De lo primero de lo que nos acordamos de los tiempos en que se ponía el belén es de que las figuras eran de barro, y se podían romper. El mismo día de Nochebuena, si andábamos enredando, porqué siempre pensábamos que la figura de un pastor tenía que estar más adelante, y la de los Reyes más atrás porque todavía venían de camino, o cambiábamos de opinión sobre el lugar en que debían estar el buey, la mula o las figuras mismas del Misterio, con todo este tejemaneje o pentimnenti de artistas, al fin las figuras podían ir a parar al suelo y romperse. Pero ya no tenían sustitución posible, y no podía haber devastación ni tristeza de alma como la que sentíamos; aunque, al mismo tiempo, tampoco un mejor aprendizaje de lo real. Porque por entonces se nos decía que eran figuras de barro, al igual que nosotros éramos de barro, y se podían quebrar de repente. ¿Como nosotros? Pedagogías posteriores quedaron muy horrorizadas de estas crudezas, pero nosotros no. Nos educaba el belén en el realismo, ciertamente.

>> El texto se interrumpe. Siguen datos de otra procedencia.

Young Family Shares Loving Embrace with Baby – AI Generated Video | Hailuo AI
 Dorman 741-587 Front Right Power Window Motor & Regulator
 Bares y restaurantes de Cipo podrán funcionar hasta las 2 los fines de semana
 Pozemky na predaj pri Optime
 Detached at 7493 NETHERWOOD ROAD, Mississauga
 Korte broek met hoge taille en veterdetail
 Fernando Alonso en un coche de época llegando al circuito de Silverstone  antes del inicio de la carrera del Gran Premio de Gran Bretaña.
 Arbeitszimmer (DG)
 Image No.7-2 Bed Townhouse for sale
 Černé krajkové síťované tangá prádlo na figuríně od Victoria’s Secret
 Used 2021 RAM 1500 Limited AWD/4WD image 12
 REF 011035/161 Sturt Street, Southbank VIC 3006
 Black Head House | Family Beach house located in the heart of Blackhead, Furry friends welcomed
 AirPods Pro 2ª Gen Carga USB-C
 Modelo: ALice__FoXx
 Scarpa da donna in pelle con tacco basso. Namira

Pero ¿por qué no nos llevábamos tal disgusto, si el que se hacía añicos era el castillo de Herodes? Quizás porque, al fin y al cabo, sólo hacía bonito allá arriba en las montañas del fondo, pero no se necesitaba en realidad; el resto de la escenografía y de la vida del belén continuaba sin él perfectamente. Por ejemplo, los patos en el lago o el río, tan tranquilos porque nadie vendría aquí a cazarlos, o las gallinas o el gallo, con su cacareo y su quiquiriquí, como en competencia con los ángeles a la hora de cantar. Sólo más tarde, cuando ya perdimos la mirada de niño y nos tornamos históricos -y mucho más con la elefantiasis de la política en nuestra vida y hasta en nuestra alma- fue el belén entero el que se nos tornó extraño, y ya no tendríamos otros ojos que los de Herodes y su corte para mirar estos belenes -si acaso nos los encontráramos-, y nuestras propias vidas.

Entre las gentes sencillas, la fama de crueldad y barbarie de Herodes sigue prevaleciendo, aunque quizás muy debilitada ya, no tanto en razón de la famosa secularización, sino porque a esas mismas gentes se las sirve a diario tal cantidad de brutalidad y horrores que la matanza de unos niños ya no puede impresionarlas; y las otras gentes más evolucionadas se explican perfectamente por qué en aquel mundo tan primario podían suceder esas cosas. De manera que ¡para qué vamos a andar recordando que no ha habido siglo más bestia y brutal, y que haya producido tantos ríos de sangre y construido tan altas montañas de cadáveres, como el XX, y que el siglo XXI va por los mismos carriles! No es caso de amargar a nadie el festín de Nochebuena, o de la Fiesta del Solsticio de Invierno en el Occidente postcristiano.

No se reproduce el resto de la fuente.